Desde el batido paciente de la masa hasta el acomodo en las ollas y la cocción, cada paso exigía tiempo y resistencia. Eran jornadas más pesadas, pero también los años en que se fue forjando la constancia que hoy sostiene la tradición.
“Antes, los tamales se preparaban a pala y a mano. Una persona tomaba la bandeja y otra le daba al batido sin parar”, relata. Para saber si la masa estaba en su punto, recurrían a un método tan sencillo como infalible: “Poníamos un poquito en un vasito con agua; si flotaba, ya estaba lista, pero si se iba al fondo, había que seguir batiendo”. Las jornadas se alargaban y el cansancio pesaba en los brazos, pero nunca faltaban el ánimo ni la determinación que las impulsaba a continuar.
Los mitos alrededor de la olla de los tamales
Alrededor de la preparación de los tamales han sobrevivido creencias populares transmitidas de generación en generación; entre ellas, la idea de que si quien cocina está enojado los tamales no se cuecen, que hay que hablarle con cariño a la masa o incluso “regañar” a la olla para que haga su trabajo. También se dice que colocar una moneda debajo de la tamalera puede avisar cuándo están listos.
A estas creencias se suman otros recursos tradicionales: poner un chile verde dentro de la olla, o colocar cuchillos cruzados cuando la cocción se retrasa. Más allá de su eficacia, estos gestos forman parte del saber práctico que acompaña la elaboración de los tamales en muchas comunidades.
Entre risas, la hermana superiora, Rosa Lilia, confiesa: “Yo no creía en esas cosas, pero aquí aprendí que los alimentos sí se afectan según el estado de ánimo de quien los prepara. El ánimo, el estrés, la prisa… todo influye. Si una está muy tensa o anda corriendo, los alimentos lo resienten”. Su experiencia en la cocina le ha enseñado que no solo importa la receta, sino también la disposición interior con la que se trabaja.
Para las hermanas, estas creencias no son supersticiones aisladas, sino una forma de recordar que cocinar requiere atención, paciencia y un estado interior sereno. En su experiencia, el cuidado del corazón y del ambiente también se refleja en el resultado final, reafirmando que el trabajo en la cocina, como la oración, se vive mejor desde la paz y el cariño.
Candelaria y vida consagrada: una fiesta doble
Cada 2 de febrero, cuando en México se celebra el Día de la Candelaria y la tradición invita a compartir tamales, en el monasterio la fecha adquiere un significado aún más profundo, pues también se celebra el Día de la Vida Consagrada. Para las Adoratrices, es una jornada de acción de gracias por la vocación recibida y por la fidelidad de Dios en la vida comunitaria.

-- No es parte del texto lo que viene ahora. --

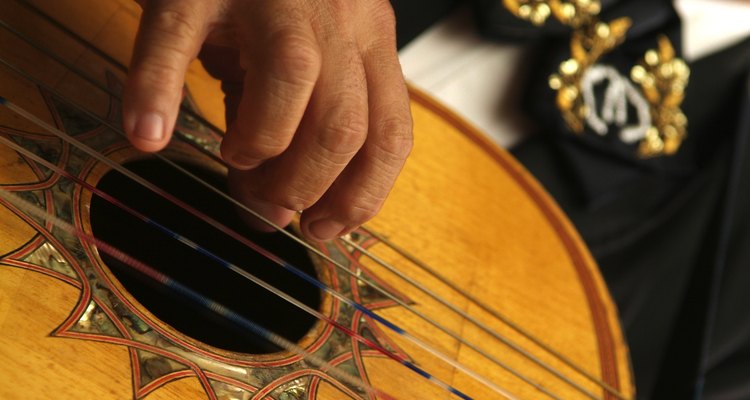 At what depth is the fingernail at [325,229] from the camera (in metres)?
0.60

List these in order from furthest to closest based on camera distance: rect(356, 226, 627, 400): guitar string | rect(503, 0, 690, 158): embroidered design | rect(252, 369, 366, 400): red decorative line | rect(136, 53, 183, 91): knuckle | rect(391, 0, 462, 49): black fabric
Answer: rect(503, 0, 690, 158): embroidered design < rect(391, 0, 462, 49): black fabric < rect(356, 226, 627, 400): guitar string < rect(252, 369, 366, 400): red decorative line < rect(136, 53, 183, 91): knuckle

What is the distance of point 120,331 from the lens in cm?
49

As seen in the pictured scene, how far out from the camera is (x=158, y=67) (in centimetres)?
43

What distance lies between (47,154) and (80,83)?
95 mm

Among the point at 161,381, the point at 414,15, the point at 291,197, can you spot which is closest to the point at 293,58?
the point at 291,197

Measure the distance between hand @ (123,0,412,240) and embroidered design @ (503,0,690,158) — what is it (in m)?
0.72

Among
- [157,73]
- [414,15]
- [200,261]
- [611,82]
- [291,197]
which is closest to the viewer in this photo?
[157,73]

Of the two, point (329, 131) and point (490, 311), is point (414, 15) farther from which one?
point (329, 131)

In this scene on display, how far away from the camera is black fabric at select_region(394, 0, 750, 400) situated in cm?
135

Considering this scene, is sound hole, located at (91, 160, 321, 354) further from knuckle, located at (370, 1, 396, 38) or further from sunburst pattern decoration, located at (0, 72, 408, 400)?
knuckle, located at (370, 1, 396, 38)

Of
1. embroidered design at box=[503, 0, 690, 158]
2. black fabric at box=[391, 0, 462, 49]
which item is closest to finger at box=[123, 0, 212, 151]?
black fabric at box=[391, 0, 462, 49]

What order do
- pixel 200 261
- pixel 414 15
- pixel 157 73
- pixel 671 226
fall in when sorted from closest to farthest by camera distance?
pixel 157 73 → pixel 200 261 → pixel 414 15 → pixel 671 226

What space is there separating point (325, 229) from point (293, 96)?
0.16m

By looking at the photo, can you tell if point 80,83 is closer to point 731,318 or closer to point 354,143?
point 354,143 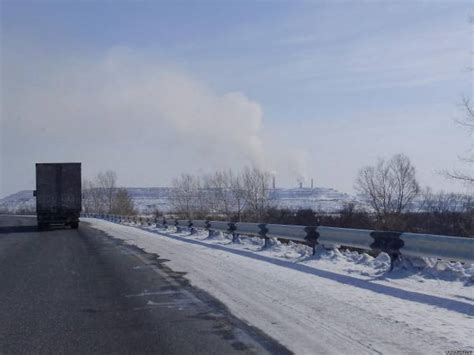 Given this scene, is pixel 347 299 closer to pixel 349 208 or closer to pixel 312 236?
pixel 312 236

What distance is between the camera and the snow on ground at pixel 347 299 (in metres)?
6.77

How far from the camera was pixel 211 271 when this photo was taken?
1377 centimetres

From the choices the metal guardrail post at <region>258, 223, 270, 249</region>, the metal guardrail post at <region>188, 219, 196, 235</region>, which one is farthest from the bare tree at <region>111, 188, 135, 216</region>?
the metal guardrail post at <region>258, 223, 270, 249</region>

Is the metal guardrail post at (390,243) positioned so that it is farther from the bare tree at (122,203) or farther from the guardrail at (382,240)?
the bare tree at (122,203)

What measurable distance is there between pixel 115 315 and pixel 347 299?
372cm

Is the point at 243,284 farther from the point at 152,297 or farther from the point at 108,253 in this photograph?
the point at 108,253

Este año, la celebración tendrá un giro especial en la mesa. “No festejaremos con tamales, pero sí nos daremos un gusto. Celebraremos con paella, a ver qué tal nos queda”, dice entusiasmada la hermana Rosa Lilia, dejando ver que la alegría vocacional también se expresa en la convivencia sencilla y en la vida compartida.

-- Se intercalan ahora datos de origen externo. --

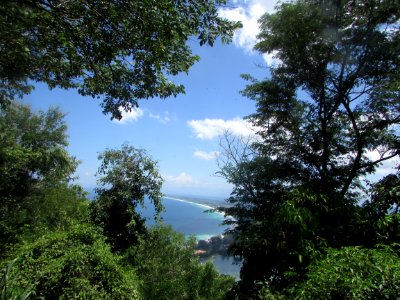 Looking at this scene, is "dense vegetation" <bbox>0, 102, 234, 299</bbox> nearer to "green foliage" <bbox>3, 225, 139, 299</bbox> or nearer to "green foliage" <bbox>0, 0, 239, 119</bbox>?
"green foliage" <bbox>3, 225, 139, 299</bbox>

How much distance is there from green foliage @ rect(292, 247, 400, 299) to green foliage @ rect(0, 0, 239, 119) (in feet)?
10.2

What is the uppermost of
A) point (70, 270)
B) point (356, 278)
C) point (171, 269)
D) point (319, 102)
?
point (319, 102)

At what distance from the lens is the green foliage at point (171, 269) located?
1242 centimetres

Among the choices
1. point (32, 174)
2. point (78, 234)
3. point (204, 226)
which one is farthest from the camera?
point (204, 226)

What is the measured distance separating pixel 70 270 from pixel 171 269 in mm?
9510

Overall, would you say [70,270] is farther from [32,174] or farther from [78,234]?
[32,174]

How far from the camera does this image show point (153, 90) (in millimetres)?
5508

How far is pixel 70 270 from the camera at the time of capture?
17.6 feet

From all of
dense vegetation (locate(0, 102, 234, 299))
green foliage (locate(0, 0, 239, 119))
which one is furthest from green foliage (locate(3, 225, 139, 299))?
green foliage (locate(0, 0, 239, 119))

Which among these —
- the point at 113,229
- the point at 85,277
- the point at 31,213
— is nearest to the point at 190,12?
the point at 85,277

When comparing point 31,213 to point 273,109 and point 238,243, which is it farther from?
point 238,243

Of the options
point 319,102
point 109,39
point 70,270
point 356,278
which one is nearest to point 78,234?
point 70,270

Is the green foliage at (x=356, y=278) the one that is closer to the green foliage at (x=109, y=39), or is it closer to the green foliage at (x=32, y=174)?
the green foliage at (x=109, y=39)

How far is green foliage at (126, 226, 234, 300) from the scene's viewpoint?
12.4 m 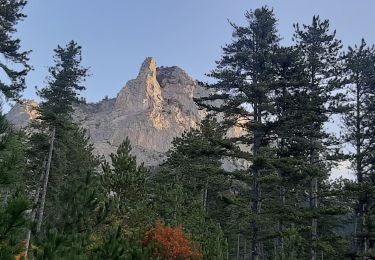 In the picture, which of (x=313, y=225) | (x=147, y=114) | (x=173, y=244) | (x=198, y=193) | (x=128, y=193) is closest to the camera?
(x=173, y=244)

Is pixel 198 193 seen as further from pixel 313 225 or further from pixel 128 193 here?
pixel 313 225

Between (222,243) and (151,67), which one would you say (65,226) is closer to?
(222,243)

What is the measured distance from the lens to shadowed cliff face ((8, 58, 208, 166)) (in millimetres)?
134375

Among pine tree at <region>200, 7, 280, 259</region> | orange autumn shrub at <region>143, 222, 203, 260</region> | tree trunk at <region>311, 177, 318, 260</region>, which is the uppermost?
pine tree at <region>200, 7, 280, 259</region>

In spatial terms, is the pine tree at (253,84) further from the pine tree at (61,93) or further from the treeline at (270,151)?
the pine tree at (61,93)

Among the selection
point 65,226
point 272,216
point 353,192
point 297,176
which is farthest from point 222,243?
point 65,226

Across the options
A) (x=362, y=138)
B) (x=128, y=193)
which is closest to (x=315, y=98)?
(x=362, y=138)

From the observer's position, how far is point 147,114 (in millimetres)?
139375

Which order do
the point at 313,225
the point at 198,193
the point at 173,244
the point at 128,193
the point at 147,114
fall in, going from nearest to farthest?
the point at 173,244
the point at 313,225
the point at 128,193
the point at 198,193
the point at 147,114

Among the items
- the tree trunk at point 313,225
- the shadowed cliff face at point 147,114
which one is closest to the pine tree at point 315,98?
the tree trunk at point 313,225

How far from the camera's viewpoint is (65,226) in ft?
28.7

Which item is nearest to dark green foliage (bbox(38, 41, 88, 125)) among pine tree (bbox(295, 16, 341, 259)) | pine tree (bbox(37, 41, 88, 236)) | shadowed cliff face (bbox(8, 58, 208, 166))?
pine tree (bbox(37, 41, 88, 236))

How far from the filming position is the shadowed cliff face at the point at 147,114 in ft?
441

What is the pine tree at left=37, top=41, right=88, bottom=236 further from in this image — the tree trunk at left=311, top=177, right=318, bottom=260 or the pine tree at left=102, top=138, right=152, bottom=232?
the tree trunk at left=311, top=177, right=318, bottom=260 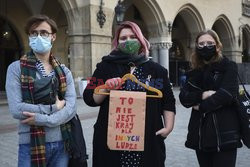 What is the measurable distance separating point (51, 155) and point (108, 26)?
13.0m

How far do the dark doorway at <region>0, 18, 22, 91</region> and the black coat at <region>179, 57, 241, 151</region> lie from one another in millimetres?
17085

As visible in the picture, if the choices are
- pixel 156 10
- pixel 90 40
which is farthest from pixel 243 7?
pixel 90 40

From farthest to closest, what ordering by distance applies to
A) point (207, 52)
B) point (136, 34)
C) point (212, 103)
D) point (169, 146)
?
point (169, 146) < point (207, 52) < point (212, 103) < point (136, 34)

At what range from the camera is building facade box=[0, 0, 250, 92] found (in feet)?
48.2

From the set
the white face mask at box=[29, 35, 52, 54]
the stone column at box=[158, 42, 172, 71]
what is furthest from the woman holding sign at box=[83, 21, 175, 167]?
the stone column at box=[158, 42, 172, 71]

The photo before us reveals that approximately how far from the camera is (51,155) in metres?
2.67

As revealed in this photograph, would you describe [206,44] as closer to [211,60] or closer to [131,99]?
[211,60]

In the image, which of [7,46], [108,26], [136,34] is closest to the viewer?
[136,34]

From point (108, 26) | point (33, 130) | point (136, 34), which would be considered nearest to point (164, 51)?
point (108, 26)

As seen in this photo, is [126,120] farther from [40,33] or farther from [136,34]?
[40,33]

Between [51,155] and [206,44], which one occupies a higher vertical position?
[206,44]

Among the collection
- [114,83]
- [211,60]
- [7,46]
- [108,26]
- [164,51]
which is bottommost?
[114,83]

Una ofrenda que va más allá de la cocina
Para ellas, el trabajo no concluye cuando los tamales están listos, porque su carisma no se reduce a la elaboración de alimentos. Cada jornada forma parte de una ofrenda que comienza mucho antes de encender el fuego de la estufa y continúa más allá de la vendimia. “Desde que nos despertamos ofrecemos todo lo que vamos a hacer: la oración, el trabajo, la vida”, explica la superiora. Así, lo que sucede en la cocina no es solo una tarea doméstica, sino una expresión concreta de su vocación.
Una de las hermanas más longevas lo resume con sencillez: “Estás sola con el Amado, el Santísimo, y todo lo que haces se vuelve oración”.
Quien prueba estos tamales recibe mucho más que alimento. Recibe el fruto de un trabajo hecho en comunidad, sostenido por la oración y cargado de sentido espiritual. En un mundo que corre deprisa, esta tradición conventual permanece como testimonio de que la fe también se vive en lo cotidiano: en la cocina, en el servicio y en una olla que hierve al ritmo de la adoración.